But don't romantic happy endings significantly pre-date Disney, going back at least as far as Shakespeare? Sure, in Western culture, Epstein says. But folk tales and love stories from Asian cultures have, traditionally, ended differently from ours, he says, with more ambiguous endings—ones that we would find unsatisfying—even if the Westernization of the world is starting to change that.

The historian Stephanie Coontz, author of Marriage, A History: How Love Conquered Marriage, agrees that Westerners would have more success with marriage if they thought of it more as a "working partnership," as she puts it. Love " doesn't have to hit you like a storm and then move on." But her take on why, in modern times, we're so obsessed with finding someone "perfect" is more nuanced than Epstein's. For thousands of years, she notes—and even through the '50s and '60s—marrying "was about getting advantageous in-laws or expanding the family labor force," she tells me. "A woman needed a man to provide for her and her children; a man needed a woman to rake care of the home and raise the children. Gender roles were very stereotypical, and mate preferences were based on those stereotypes." But, thanks in large part to the women's rights movement, people in industrialized nations can now be a lot more flexible when it comes to choosing a partner. "In the last 40 years, it's been easier for individuals to gain those practical benefits without marriage," Coontz points out. "More women can support themselves financially; men have drip-dry shirts and take-out food. And you can have regular sex without having to marry. That makes it possible—even necessary—to look for a more individualized match."

In that sense, seeking out a soul mate is a positive thing, a reflection of the fact that we can now choose mates based on considerations that are more meaningful than the size of his salary, or of her hips. Nonetheless, Coontz adds, the search for someone who feels just right can get out of hand. "It's easy for people to expect too much from a romantic partner," she says. "And of course those expectations are constantly fanned by the mass media."

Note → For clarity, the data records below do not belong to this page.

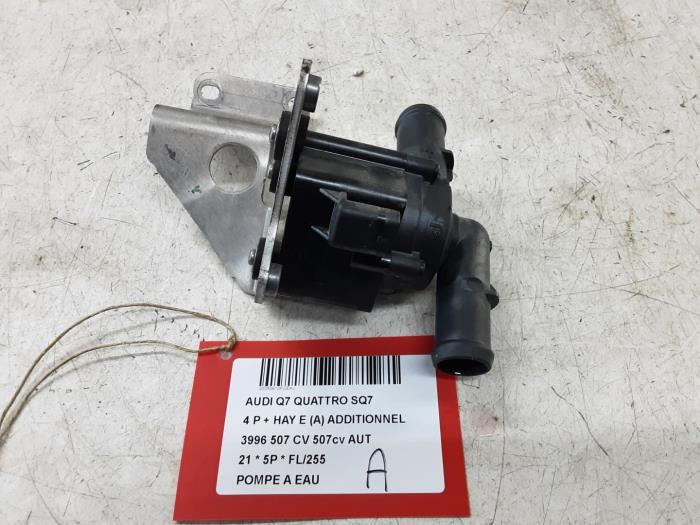 Begagnade Vattenpump Audi SQ7 Pris € 99,99 Inklusive moms erbjuds av Collignon & Fils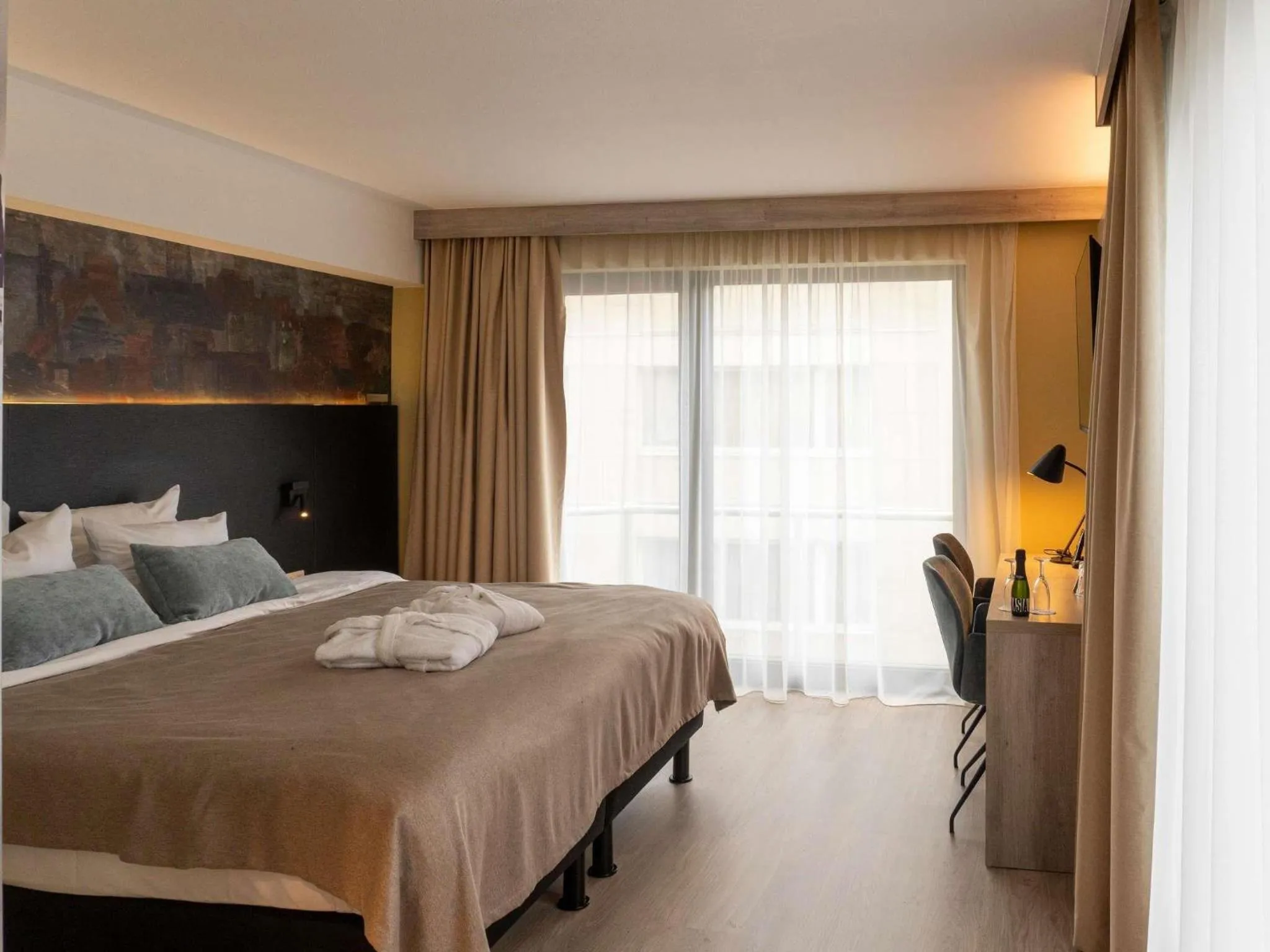 Bedroom, Bed in Mercure Oostende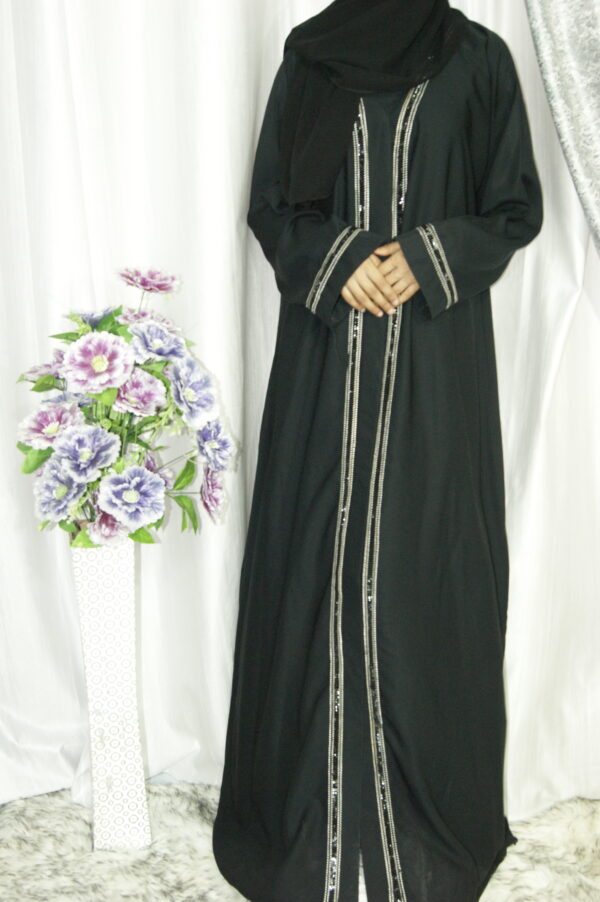 Chic Front Open Buttoned Abaya – Sleek, Modest Look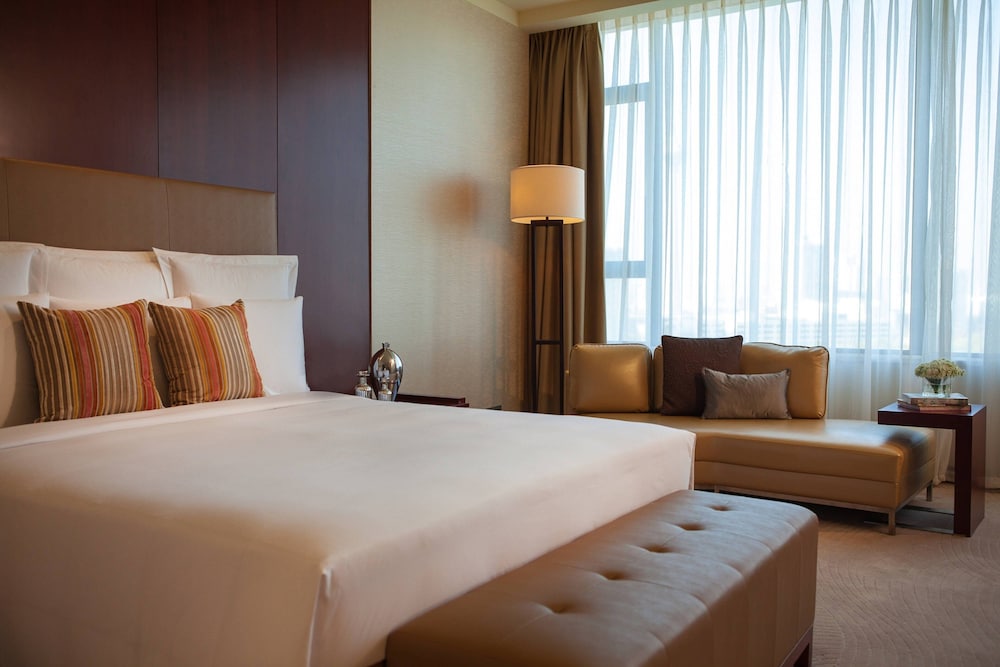 Deluxe Room, 1 King Bed, City View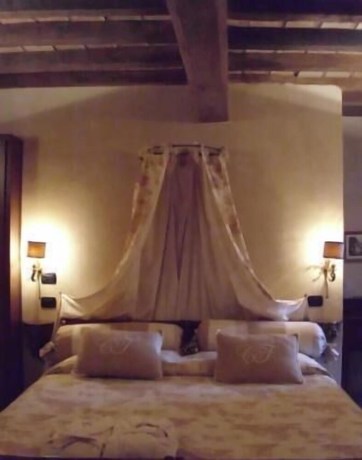 Imagen de la habitación del Castello di Vigoleno. Foto 10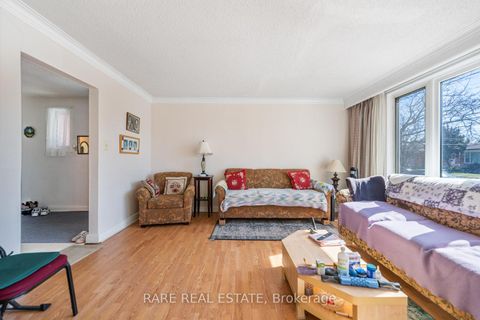 Photo 10 at 29 Laxford Avenue, Maryvale, Toronto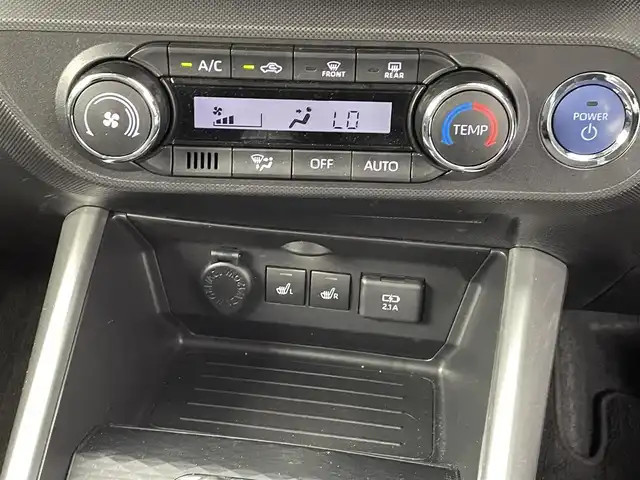 トヨタ ライズ Z 熊本県 2022(令4)年 4.1万km スムースグレーマイカメタリック/ブラック2トーン ワンオーナー　/禁煙車　/純正ナビ（ＣＤ・ＤＶＤ・フルセグ・ＢＴ・ＳＤ・ＵＳＢ）/全周囲カメラ　/社外前後ドライブレコーダー　/ビルトインＥＴＣ　/前後クリアランスソナー　/前席シートヒーター　/トヨタセーフティーセンス/・衝突回避支援ブレーキ/・車線逸脱警報機能/・車線逸脱抑制機能/・先行車発進お知らせ機能/・踏み間違い防止/・アダブティブクルーズコントロール/・リヤクロストラフィックアラート/・標識認識システム/横滑り防止/純正フロアマット/純正１７インチAW/オートライト/LEDヘッドライト/フォグライト/スマートキー/プッシュスタート/スペアキー1本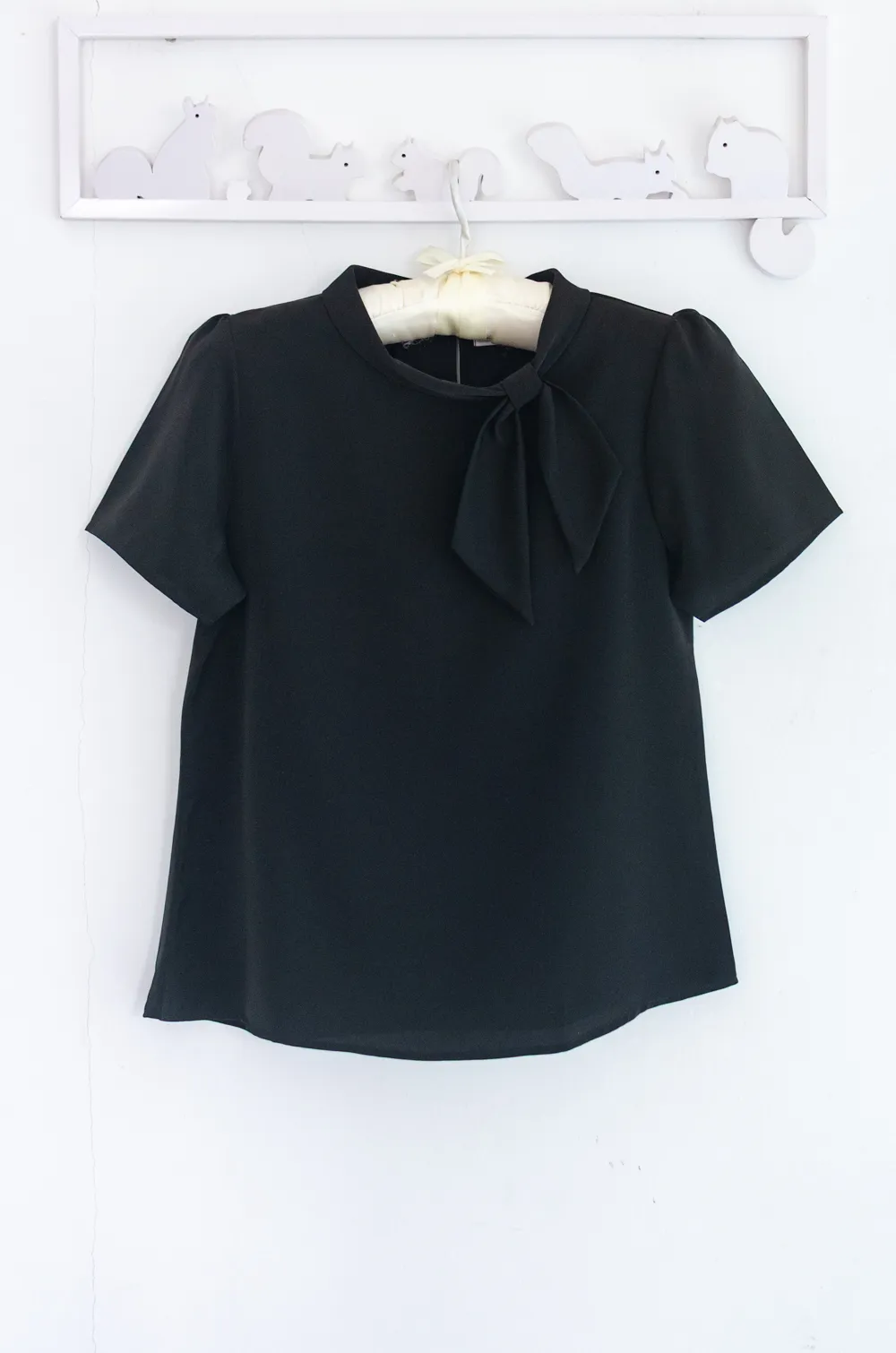 Alternative view of NT2522 Bow Collar Blouse – Black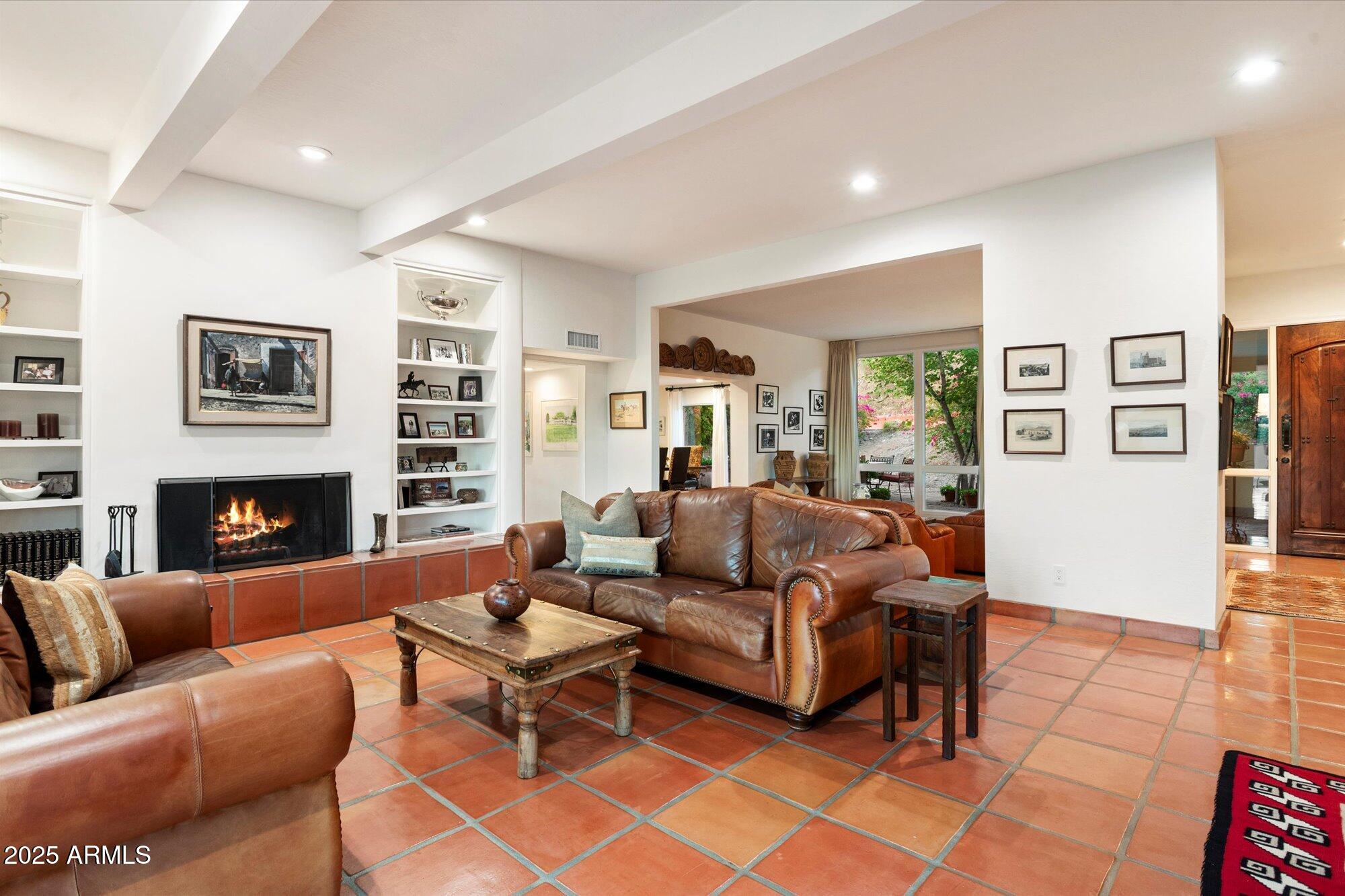 3500 E LINCOLN Drive # 6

Westerners have an unhealthy tendency to think that true love can transform us, Seth says. We're" sold the idea that our soulmate or 'The One' ... will come into our lives and 'fix' things for us—whether its job dissatisfaction, a lack of purpose, whatever," she says. "The women in arranged marriages had more reasonable expectations of what their husbands could and could not do for them."

So maybe Westerners can learn a thing or two from arranged marriages—if not from Amina, who seems to feel more deeply about the soul mate she left behind in Bangladesh than her husband. "Communication was supposed to be the secret to a successful marriage," Freudenberger writes, "but she sometimes thought things had been better between them when they'd understood each other less."